La porte-parole a ajouté que le CICR a visité environ 40 sites de détention dans tout le Yémen, touchant environ 20 000 détenus, pour la plupart civils. « L'accès du CICR aux détenus liés au conflit reste limité et continue de faire l'objet de négociations en cours avec toutes les parties au conflit », a écrit Mme Trabelsi.
Selon les critiques, les sites gérés par les Émirats arabes unis au Yémen rappellent les "sites noirs" de la CIA où les forces usaméricaines ont torturé de nombreux suspects de terrorisme au lendemain du 11 septembre. Bien que les abus commis par les USA aient été amplement documentés, aucun responsable ni aucune force usaméricaine n'ont été tenus responsables de ces actes - un échec qui, selon les défenseurs des droits humains, n'a fait que permettre à d'autres pays d'appliquer des tactiques similaires au nom de la lutte contre le terrorisme.
S'il y a quelque chose qui a changé depuis les premiers jours du programme de torture usaméricain, a déclaré Gibson de Reprieve, c'est que les USA ont pris leurs distances par rapport aux abus commis par d'autres forces avec lesquelles ils coopèrent étroitement, créant ainsi « une couche de déni plausible dans le système ».

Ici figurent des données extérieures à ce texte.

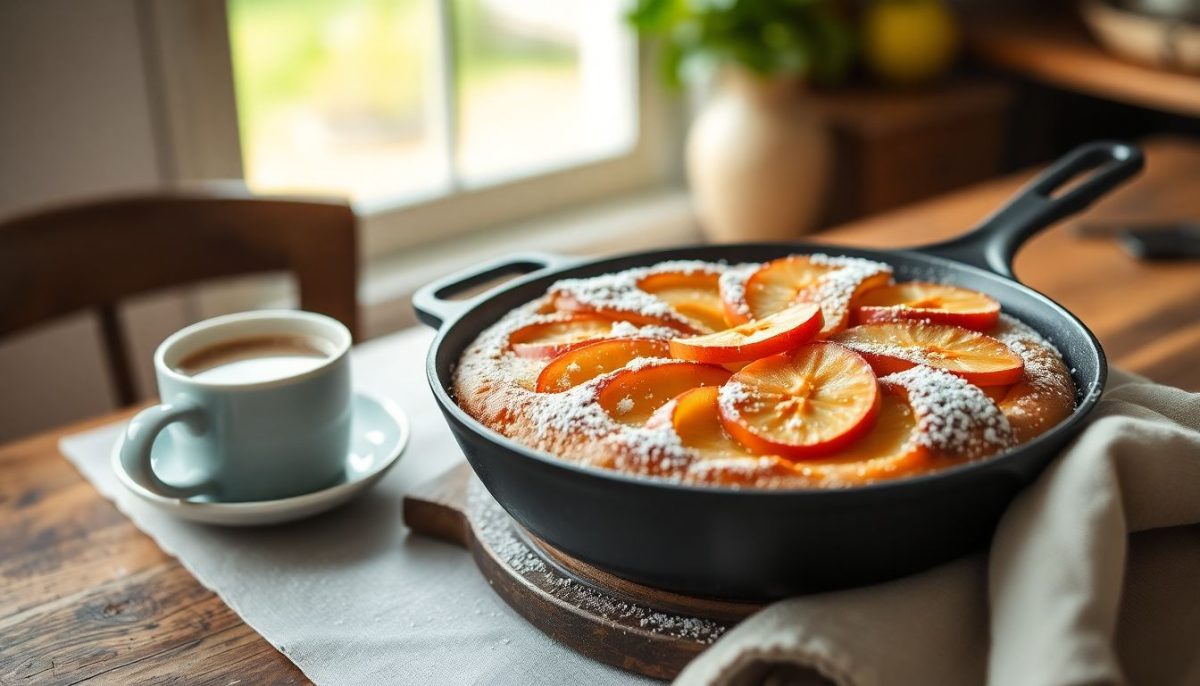 Ce gâteau aux pommes sans four te sauvera (prêt en 10 min à la poêle)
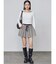 レイヤードフレアスカート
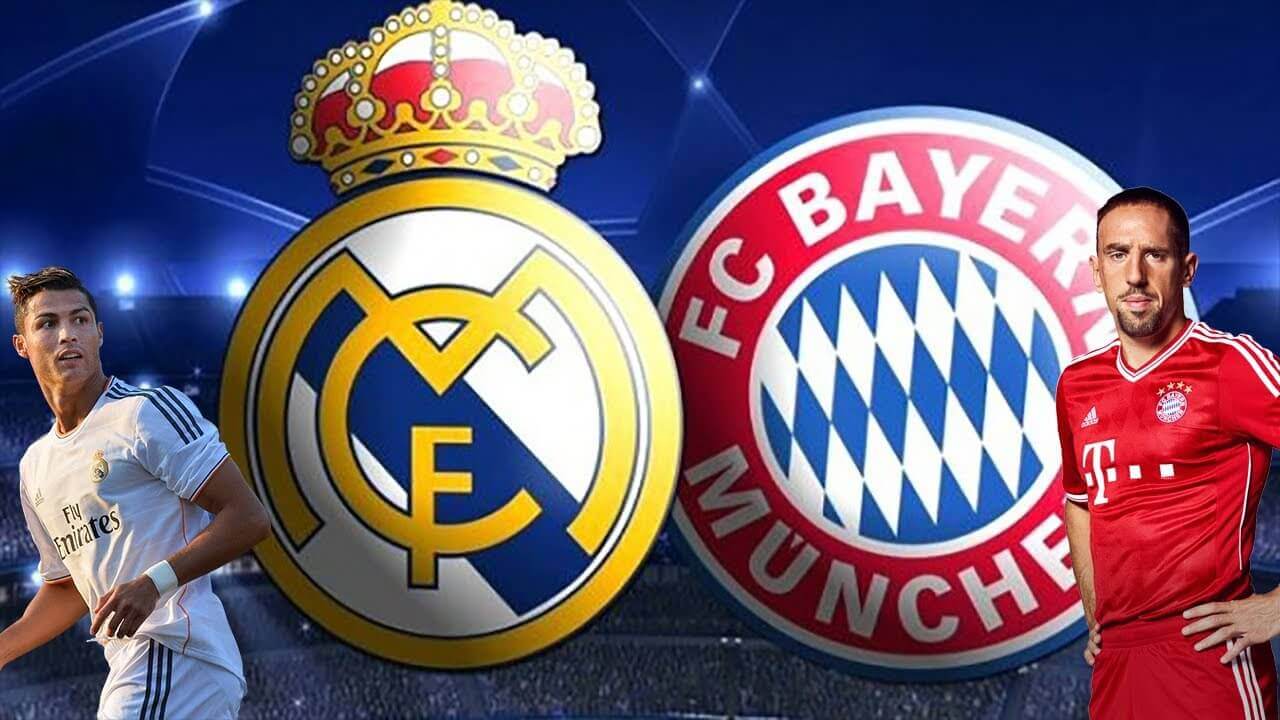  Cristiano Ronaldo and Xabi Alonso face off in the 2014 Champions League semi-final between Real Madrid and Bayern Munich.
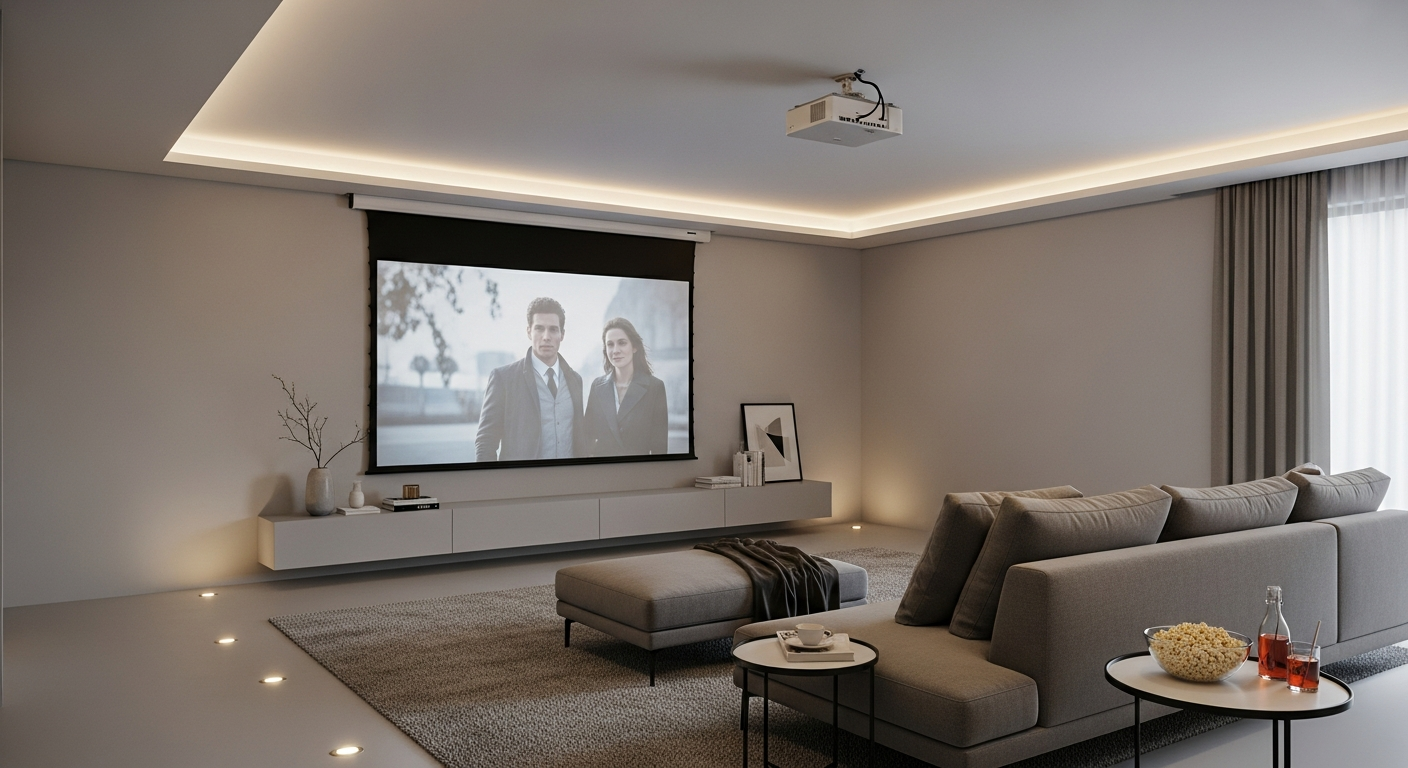 Projector In Room Solution AV | Projector Screens in Mumbai – Motorized & 4K Screens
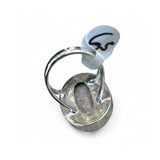 Fossilized Coral Solid 925 Sterling Silver Ring 6.5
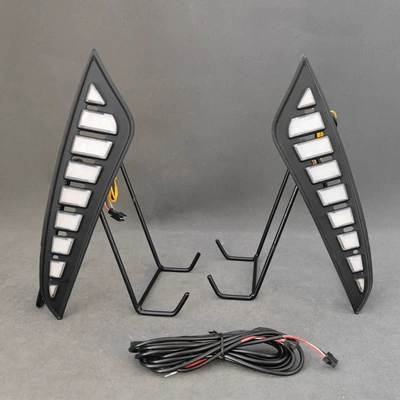 Suitable for 24-25 Models of Byd Yuan up Special Daytime Running Lights Byd Atto 2 Modified Led Daytime Running Lights (Gündüz işıqları) - modified-led-three-color-streamer-daytime-running-lights-price-per-pair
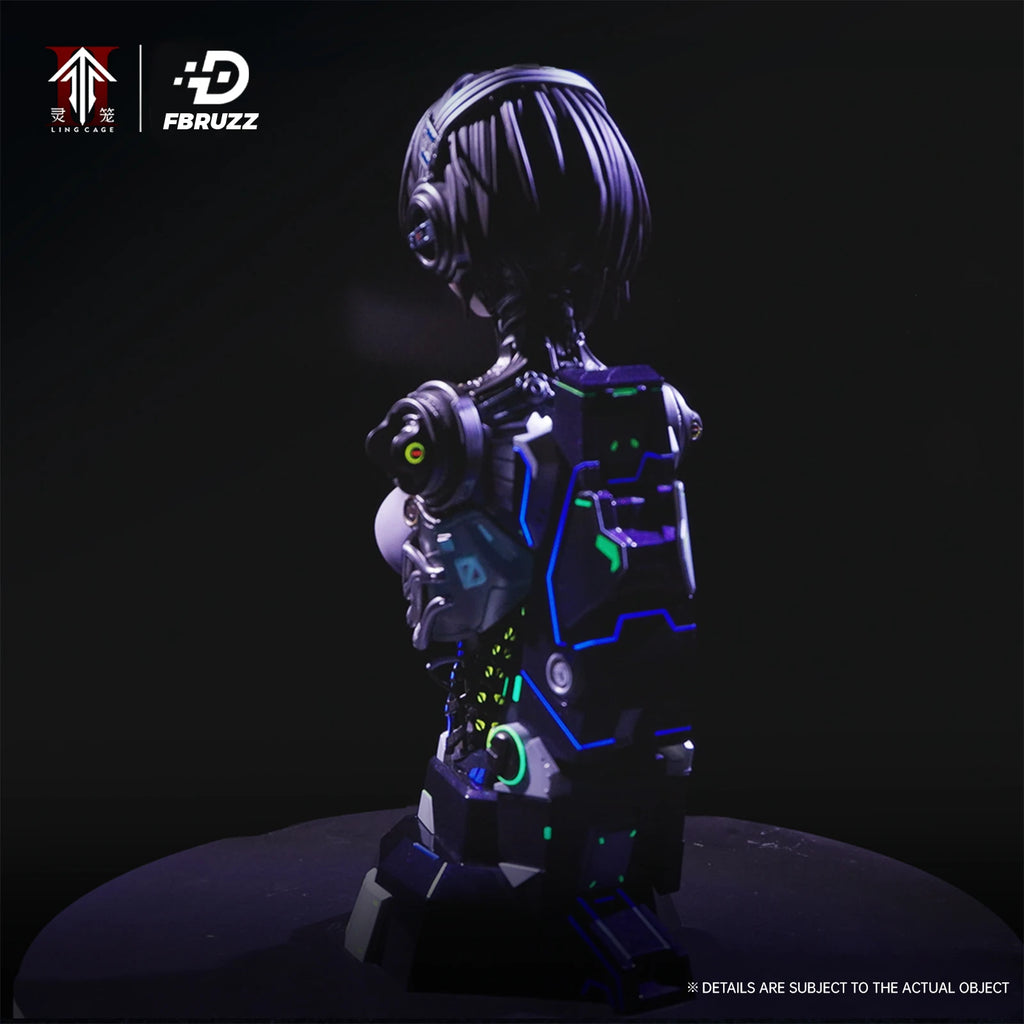 Linglong Ash 1/4 Half-Body Figure Collectible Model, High-Quality Role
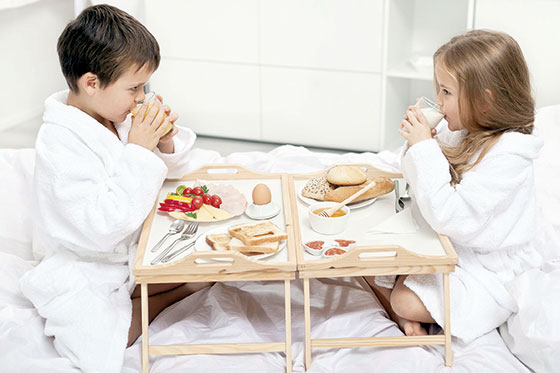 Cómo darle un desayuno saludable a sus hijos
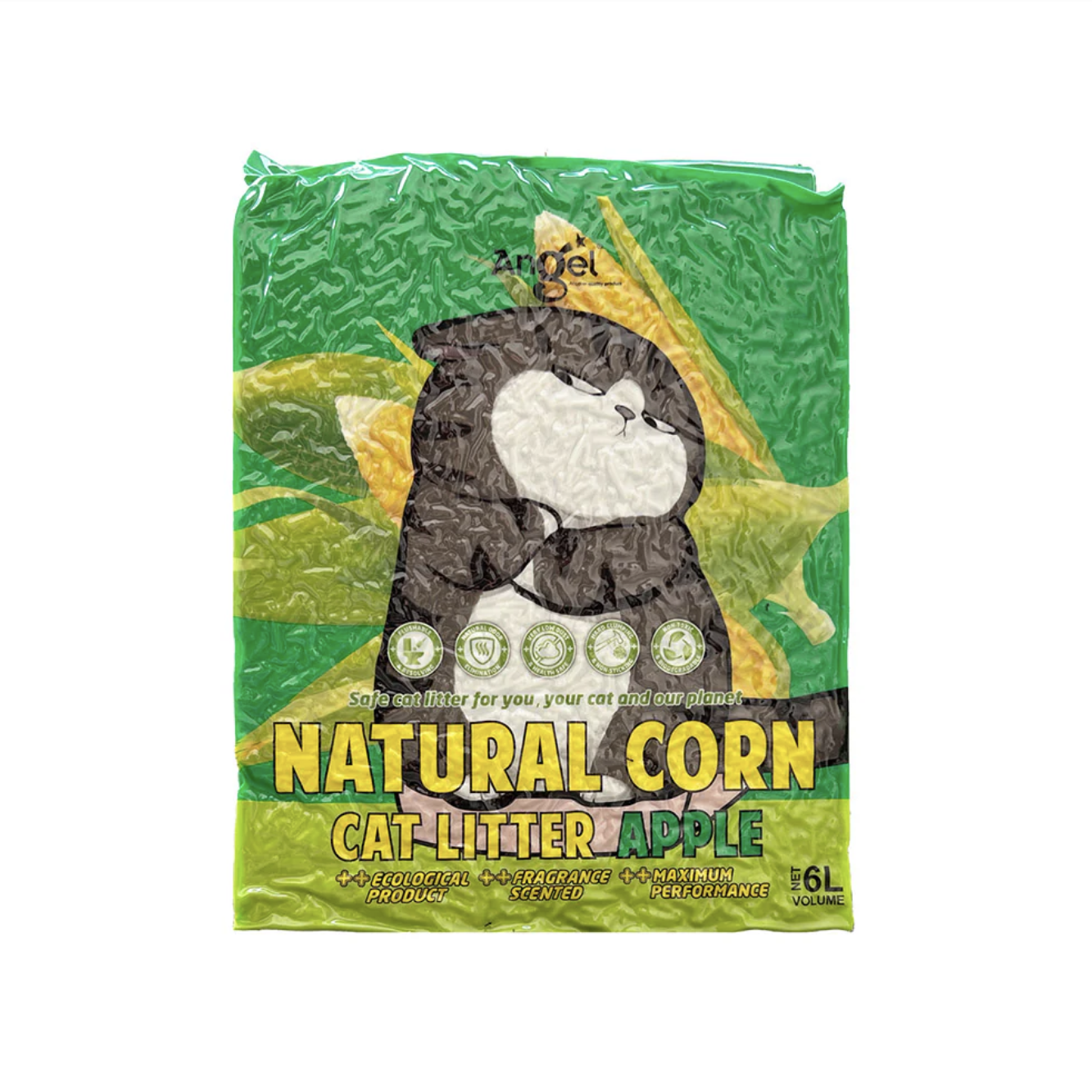 Angel Natural Corn Cat Litter Apple 6L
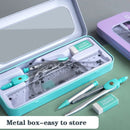 7 Pcs/set Compass Ruler Set Multi-function Mathematical Rulers Professional Drawing Tools School Supplies Students Stationery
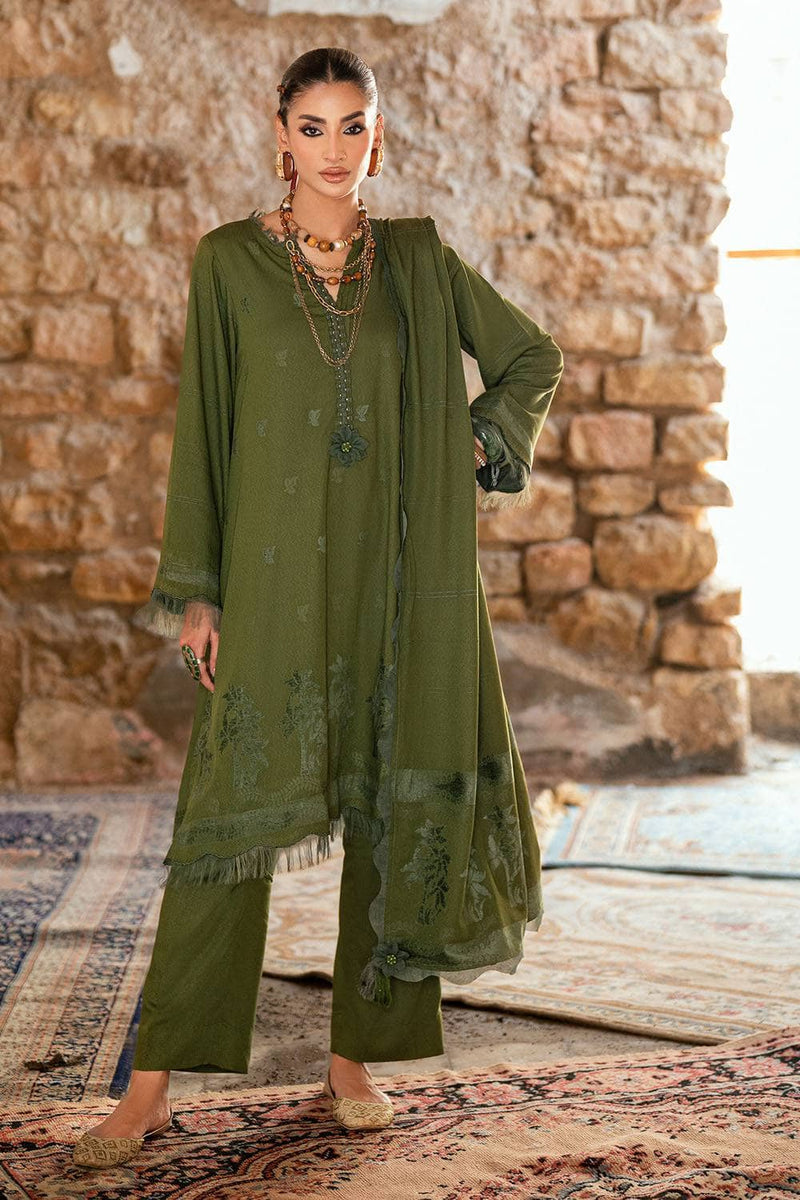 Gul Ahmed Luxe Winter/MJ 52030/Karandi Velvet Yarn Jacquard Shawl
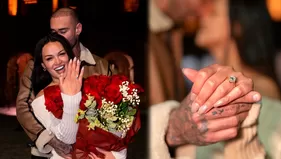 Angie Arizaga y Jota Benz se comprometieron en Italia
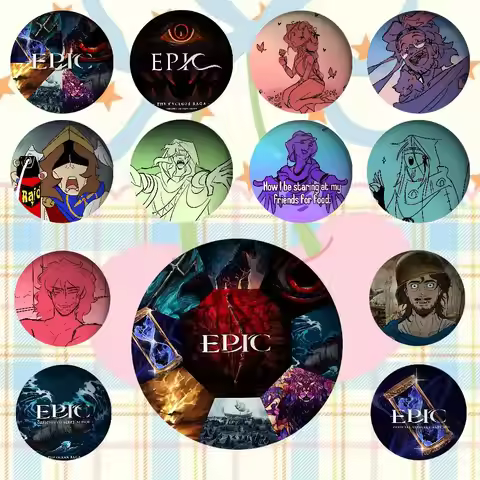 E-Epic The Musical Badge Pins For Friend, Backpack, Clothing, Collectible Accessories, Jewelry Gift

« On pensait que la torture usaméricaine appartenait à l’histoire, et ce que le travail de Huda nous montre, c'est que tout ce que les USA nt fait, de la première moitié de la guerre contre le terrorisme à la seconde, c'est de se rendre compte qu'en fait, il vaut mieux externaliser la torture, la confier à nos partenaires, et ainsi nous n'avons aucune responsabilité, nous ne sommes pas impliqués », ajoute Gibson. « Lorsque vous n'assumez pas la responsabilité de vos propres actes et que vous ne demandez pas à votre gouvernement de rendre des comptes pour les actes de torture qu'il a commis, il va continuer à le faire d'une manière ou d'une autre. L'impunité ne fait qu'engendrer plus d'impunité ».